For every clear fact he remembered and question answered, another ten questions sprung up.
The slave master and his two helpers started to herd the waiting slaves out of the pen and into the market. He found himself staked between two women - he hadn't even noticed the chains about his wrists until then, so absorbed in his mental struggles had he been. And then came the customers.
The rich merchants, the brothel owners, the trusted servants of the aristocracy - he wasn't sure how he knew these were who the customers were, but he knew it with certainty. They walked along the line of waiting slaves, poking and prodding; examining the merchandise, almost without any regard to the detail that the merchandise was a living and breathing human being too. He seemed to attract more attention than most because of his unusual colouring and features, but no-one seemed in the mood to buy him until one of the trusted servants stopped before him.

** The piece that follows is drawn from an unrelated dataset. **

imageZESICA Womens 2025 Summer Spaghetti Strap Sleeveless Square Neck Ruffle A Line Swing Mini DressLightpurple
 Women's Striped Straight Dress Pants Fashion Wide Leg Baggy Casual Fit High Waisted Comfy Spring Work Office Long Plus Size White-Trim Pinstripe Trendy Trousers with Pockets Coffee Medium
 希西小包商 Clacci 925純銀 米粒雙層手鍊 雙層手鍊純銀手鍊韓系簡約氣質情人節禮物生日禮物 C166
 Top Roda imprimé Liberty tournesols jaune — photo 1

"So what can you do?" the servant asked. "Can you write?"
Could he write? A memory flashed of him inscribing characters on a clay tablet. "Yes."
The servant gave him a scrutinising stare. "You look strong and healthy... Effra! This one!"
He found himself being unchained and pulled out of line. "You've picked a good one there, Ranjar," the slave master - Effra - said.
Ranjar merely glared Effra. "I know. Come," he added. "Let's go."
Ranjar led him through the streets of the city. "Please, master, where is this?" he ventured.
Ranjar gave a half smile. "This is Uruk."
Uruk. He tested the word out in his mind and decided he did know it.
Ranjar reached a nondescript doorway mid-way down one of the streets and led him through it into a courtyard. "This is your new home. I'll show you round and give you your duties. Failure in your duties results in punishment, but do your duties well and you will be rewarded. You now belong to Armaki. I am his steward, Ranjar. What do they call you?"
He frantically searched through his memories and came up with nothing.
"Well? You must have a name," Ranjar stated. "Give me it, or I shall name you myself."
He gave his memories another desperate trawl and a word finally floated free of the haze and confusion. "Methos."